Flournoy is a mother of three, and in February, she stunned her colleagues when she stepped down from her job as undersecretary of defense for policy to spend more time with her children.
It wasn't an easy decision, but it's a dilemma that many working mothers face. While some call for changes in workplace policy to make caring for families and working easier, others argue women ultimately have to make a choice.
Choosing Family Over Career
When Flournoy was working at the Pentagon, she says her hours were long and intense. She would work starting at 7 a.m. for about 12 hours, "pretty much non-stop." Then she would have maybe two hours with her family at home before being available to work again around 9 p.m.
She did that for three years. During that time, both she and her husband were in senior government positions (her husband, W. Scott Gould, is deputy secretary of Veterans Affairs).
"There was a point in time, when my older kids were reaching the teenage years, that they really needed more of a parent," she tells Guy Raz, host of weekends on All Things Considered.
So after a number of long discussions with her husband, Flournoy says, they decided it was time for one of them to step out.
It was an agonizing decision for Flournoy, in part because she didn't want to let down the younger women who looked to her to open doors for them. The reaction she actually received surprised her.
Her decision resonated with women around the country — and it prompted a new national discussion about whether mothers can reach the highest levels of government or corporate America as easily as men.
Glass Ceilings Left Unbroken
Though many industries in this country are increasingly dominated by women, there is no evidence that things at the top are changing. Kay Hymowitz, a scholar with the Manhattan Institute, says only 4 percent of the CEOs at Fortune 500 companies are female. Why the disparity?
Hymowitz says it's children — "though we have to always make the caveat that yes, there is discrimination. But the major factor in the gap — both the ... wage gap and the gap at the very top ... is due to children."
Both the public and private sectors are adapting in some ways to change that, particularly by offering flextime. "But at a certain point — and this is particularly true at the top — the competition is so keen to get ahead that if you have a young baby at home [and] you're a woman — or, for that matter, a man — who wants to be quite involved with raising that baby, it's just a matter of physics," she says. "You cannot be doing both things."
So women work fewer hours, take off more time for maternity leave and are more likely to work part time than men. Hymowitz says they seem to want it that way, too.

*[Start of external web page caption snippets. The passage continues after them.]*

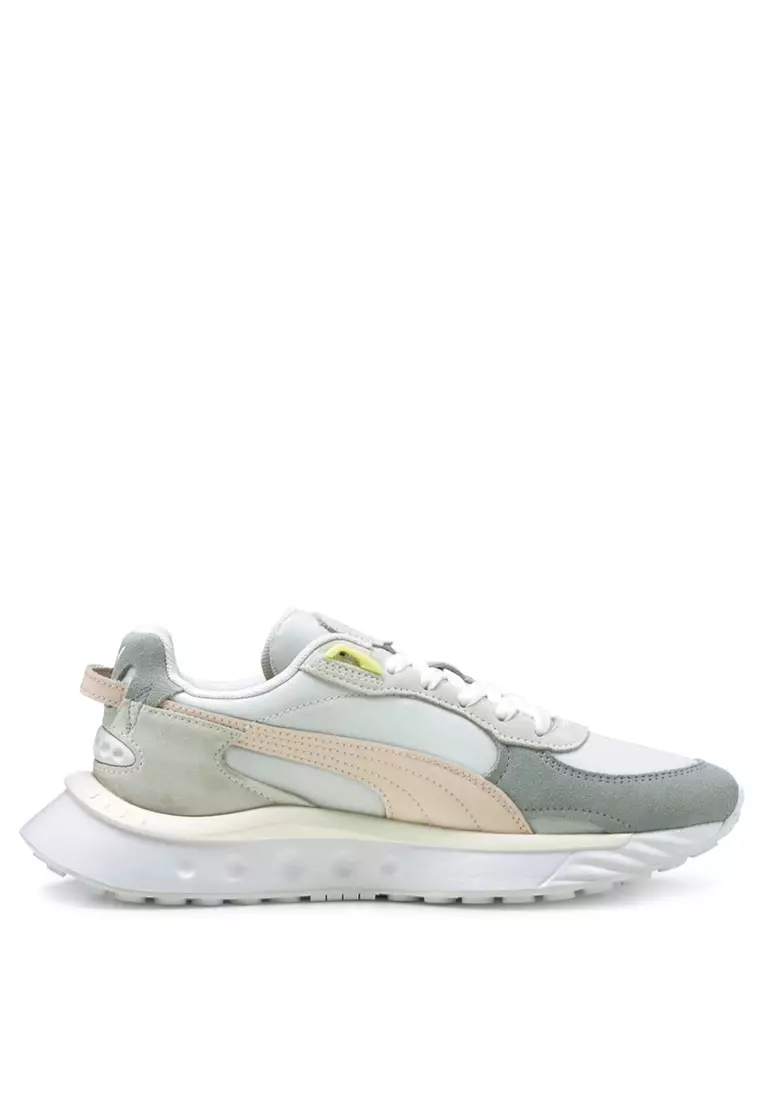 Discount on Puma  shoes - SKU: Wild Rider Rolling Trainers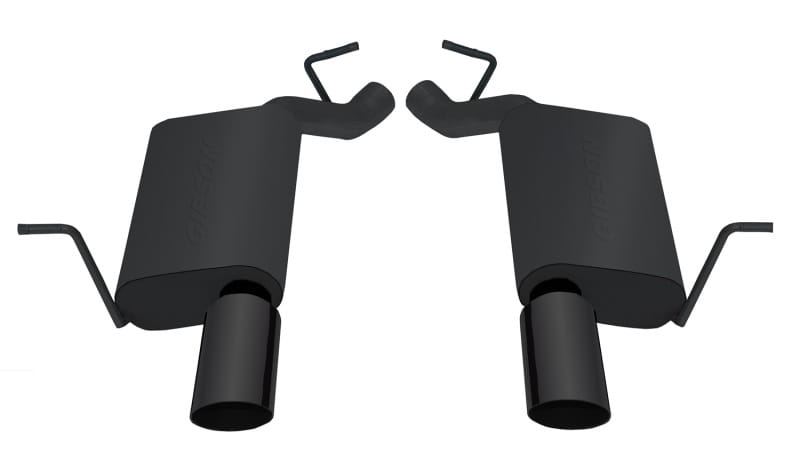 Gibson 11+ Dodge Durango R/T 5.7L Black Ceramic SS Axle-Back Exhaust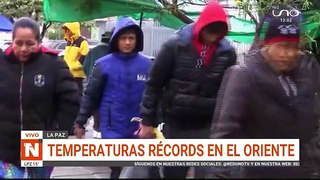 BAJAS TEMPERATURAS RECORD EN EL ORIENTE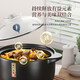 Jingyan casserole is a high-temperature resistant dry-cooked non-crack household clay pot for making medicinal stew and wide-mouth casserole for gas stoves.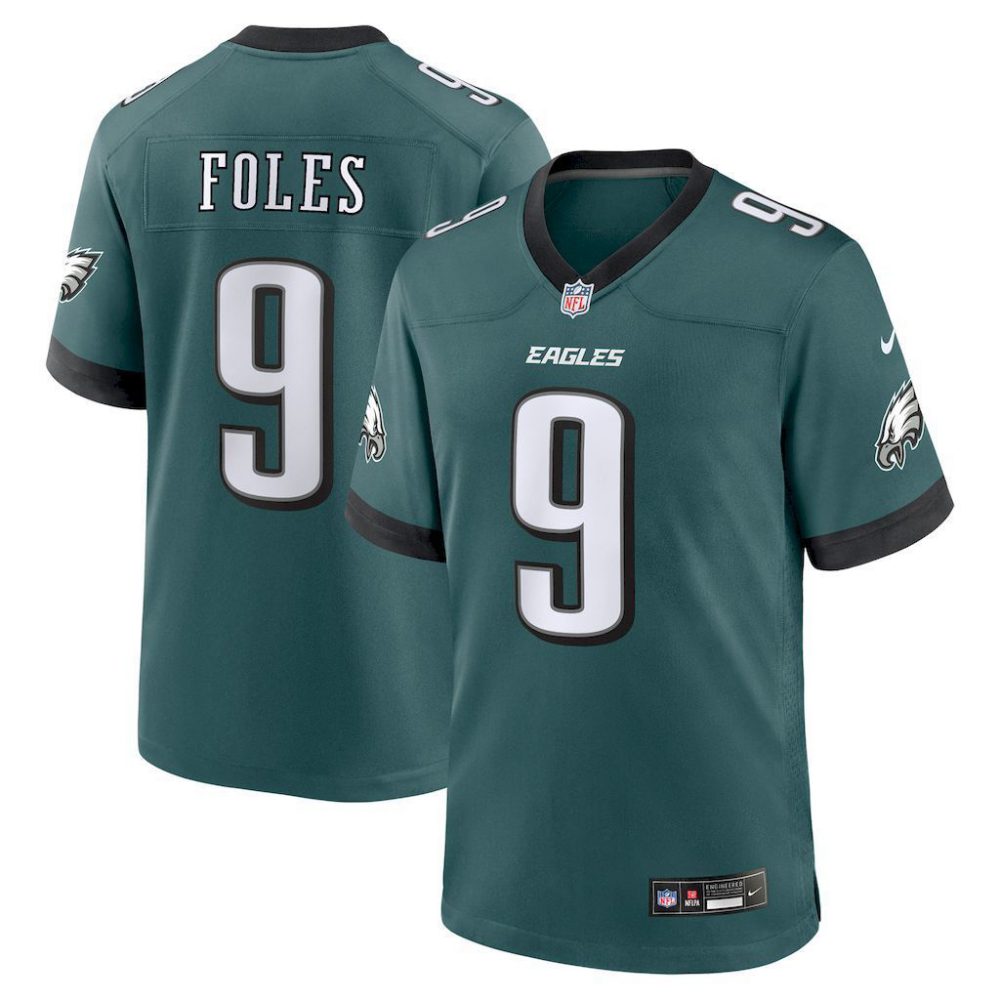 NFL Pittsburgh Steelers Jeysey FOLES # 9
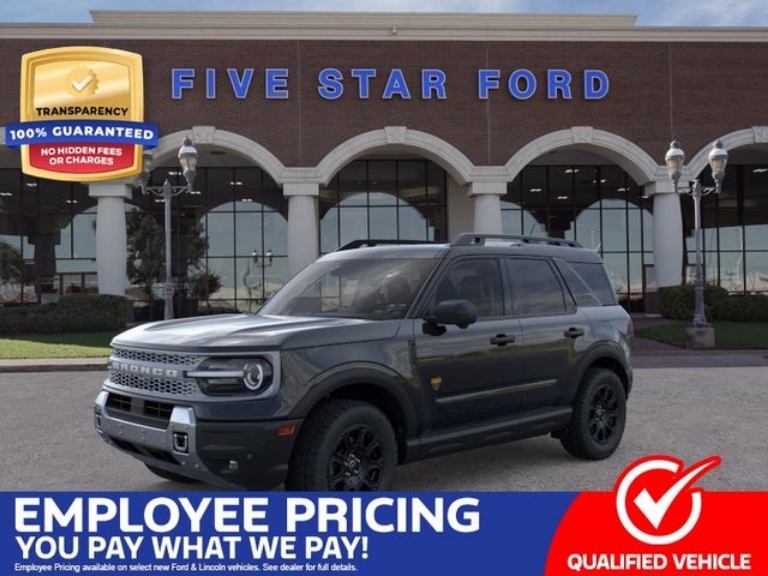 2026 Ford Bronco Sport Badlands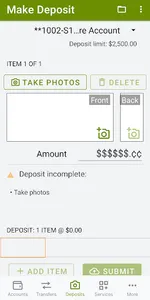 Cornerstone Community FCU screenshot 3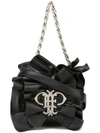 EMILIO PUCCI RUFFLED SHOULDER BAG,66BD366600211505463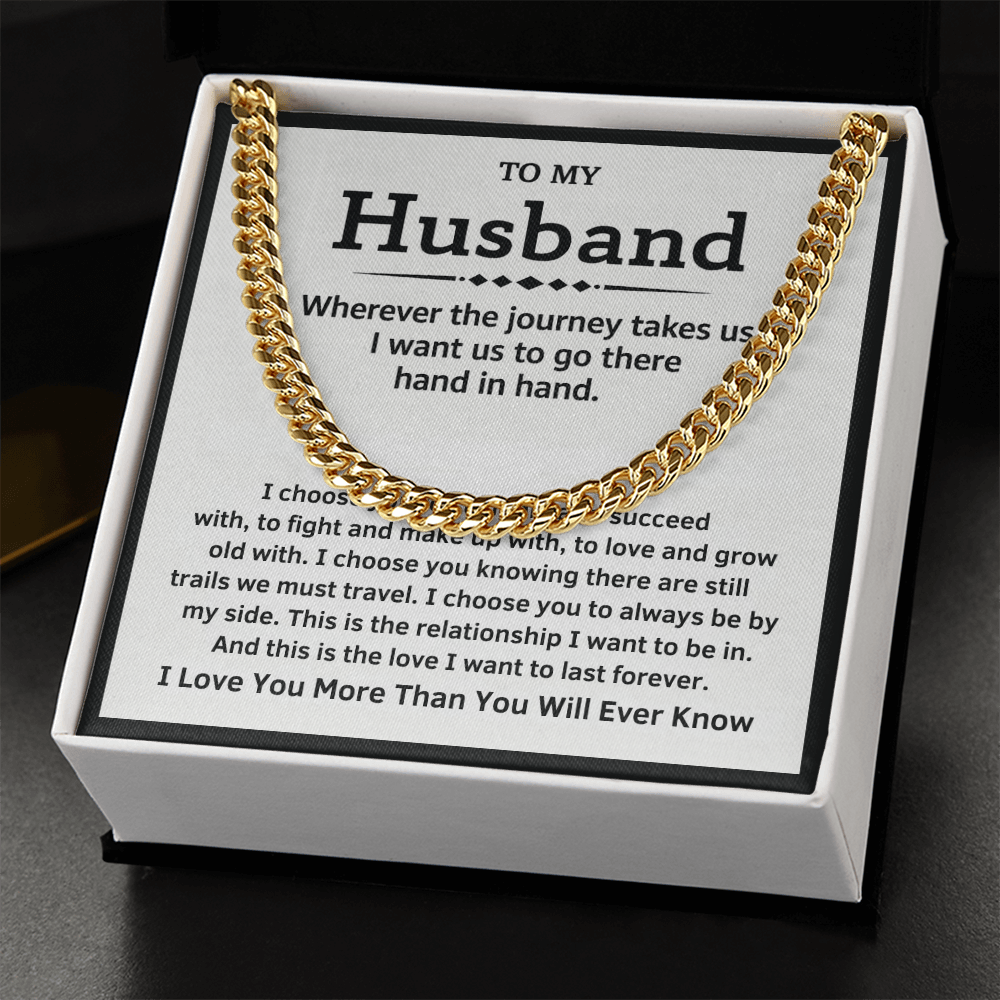 Husband Necklace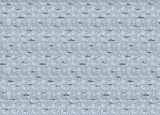 Creative Lab Amsterdam behang Whaliam Morris Blue Wallpaper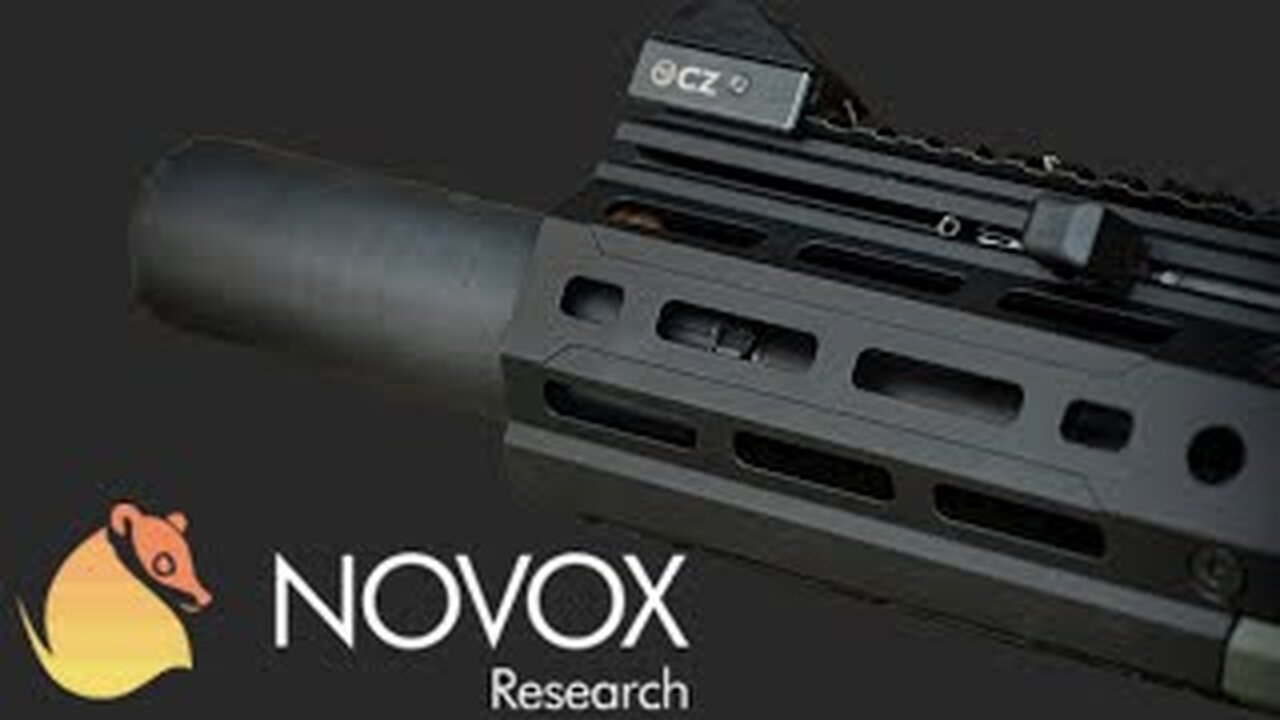 CZ Scorpion + Novox Research X-SD Barrel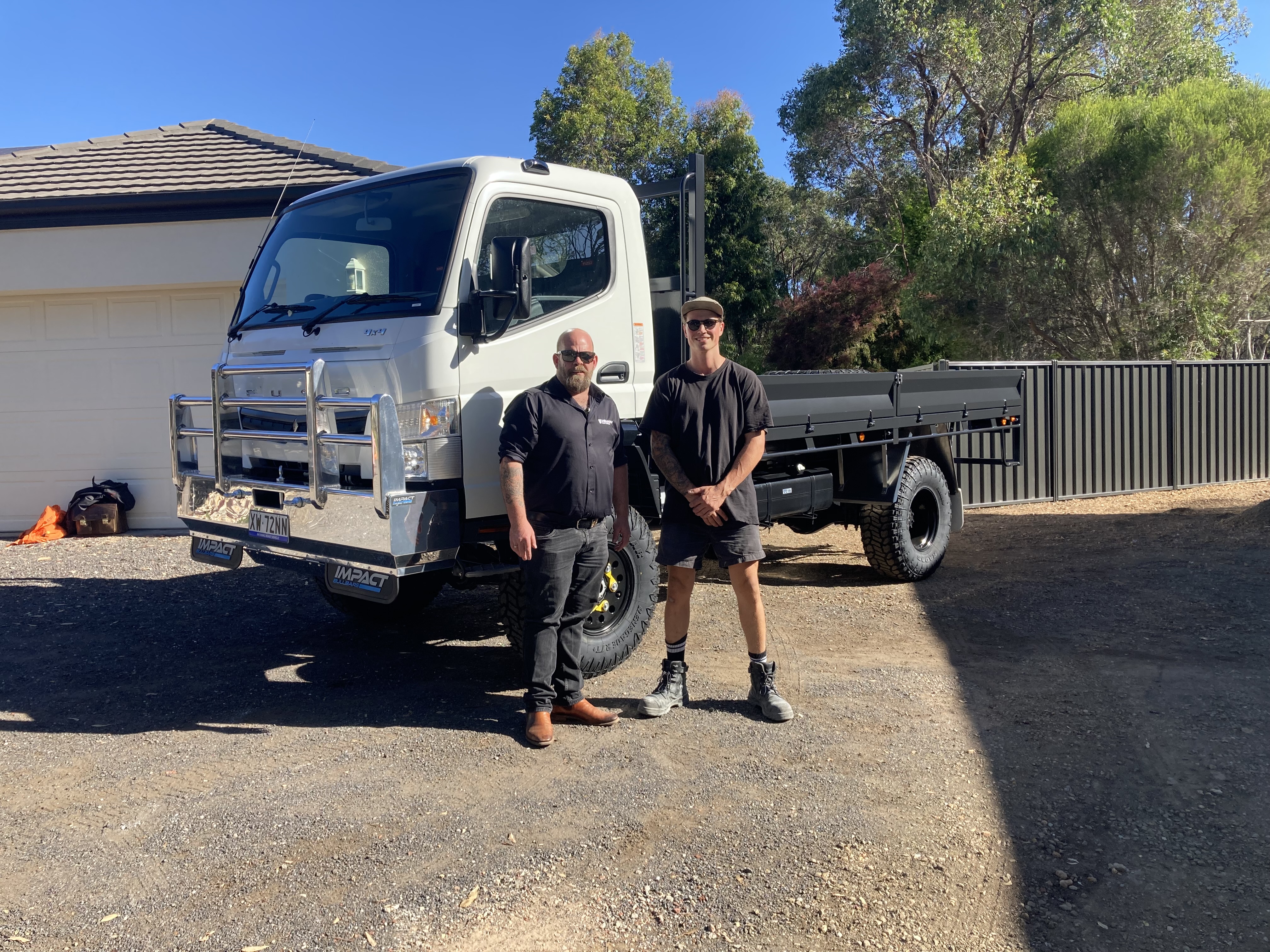 Fuso Truck - Delivery in Regional Victoria (Junortoun)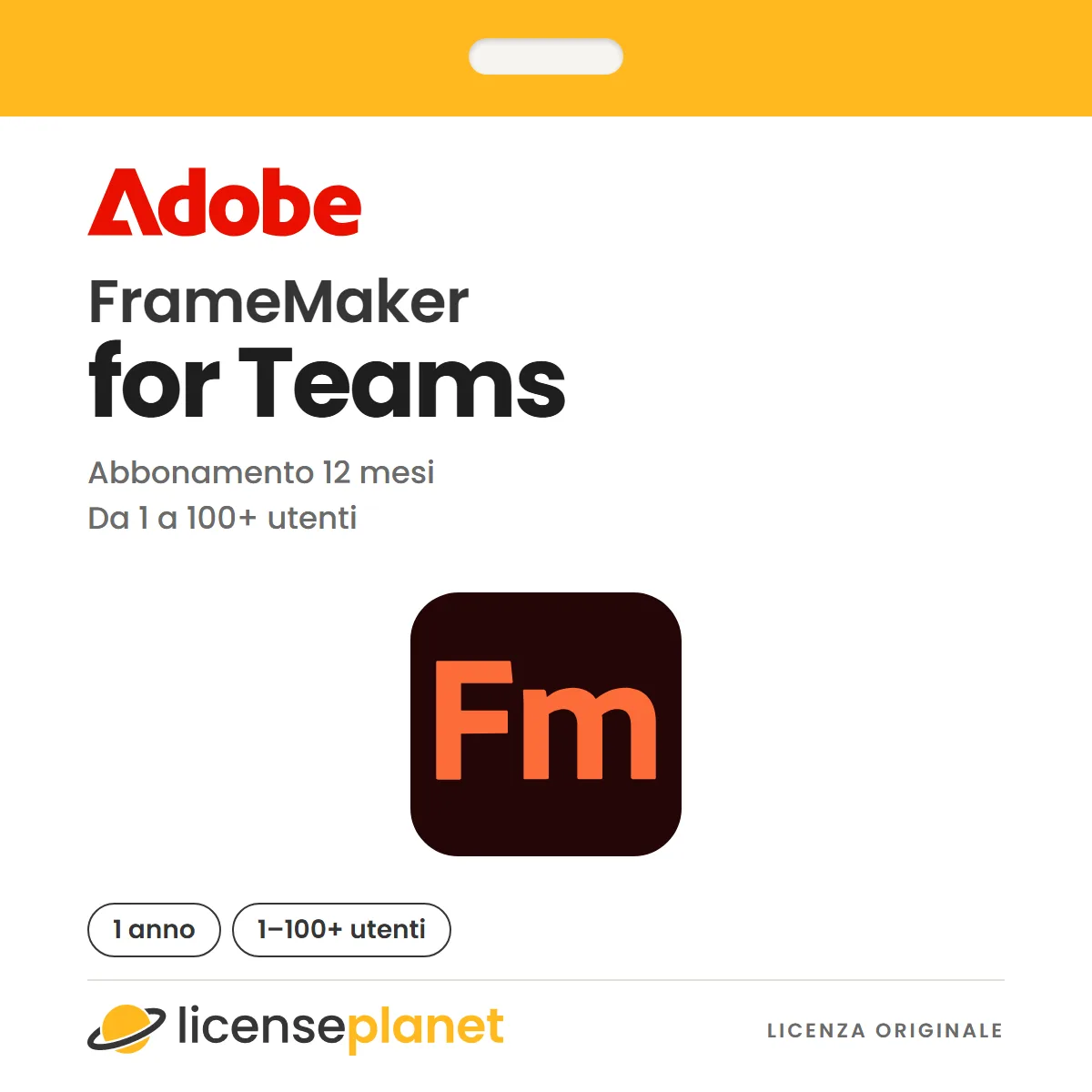 Adobe FrameMaker for Teams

"The presumption that this is really what women want — they want this absolute parity with men in the workplace — it really remains to be proven," she says.
Not Exactly A Choice
Karen Kornbluh spent three years looking for ways to close the gender gap as an ambassador to the Organization for Economic Cooperation and Development. She worries there's too much focus on the "alpha females" who could run companies or governments.
Diversifying leadership is important, she says, "but what I also want to pay attention to is the middle-class family, the lower-income family, where the mother doesn't even have the choice of stepping out."
Choice is a funny word, though. Kornbluh says inequality in the workplace in this country is not about women — of any socioeconomic status — choosing family over work.
"I wouldn't call it a 'choice' in the classic sense, because I don't think they have a lot of options," she says.
"You're expected to give 100 percent on the home front and 100 percent at the work front and 100 percent to your friends and your community," she says, "and you feel like a complete failure."
Unrealistic Expectations
Before serving as ambassador, Kornbluh rose to deputy chief of staff at the Treasury. After the birth of her second child, she quit.
We simply haven't yet adjusted to contemporary family life, she says, which often requires all adults to juggle work and home.
"We still have this idea in our head that the ideal worker is the breadwinner with no [domestic] responsibilities and the ideal parent is the homemaker with no workplace responsibilities," she says. "And we haven't changed our expectations enough."
Beyond flextime and health insurance, Kornbluh says, quality, affordable child care would make a significant impact, particularly for lower-income and single-parent families. That and economic growth. Lower wages have meant more hours for both parents — and more time away from home.
"If we could get growth again — but broadly shared growth," she says, "that would make a huge difference."
Having It All: It's Possible
When Flournoy stepped down from the Pentagon, a number of women thanked her for making it OK to have times in life to "rebalance in favor of family." For Flournoy, that shift happens in waves. She believes it is possible to be a working mom at the highest levels of the workplace.
"I just think ... there's a sequencing," she says. "I mean, I'm one who believes that you can have it all — you just can't always have it at exactly the same time with equal intensity."
"My career has looked like a sine curve in terms of balancing and rebalancing," Flournoy adds. "Different periods where I've had more intense career focus versus more of a family focus." That's not possible for everyone, she admits, as many women don't have the support they need to rebalance while staying competitive.
At this point in her career, Flournoy says, either she or her husband still needs to be out of government service, for their teenagers.
"But I have certainly had a chance to recharge my batteries, and I am eager for public service in the future," she says. "That said, it would be very hard to miss these very precious years where I have ... the last years with my teenagers at home."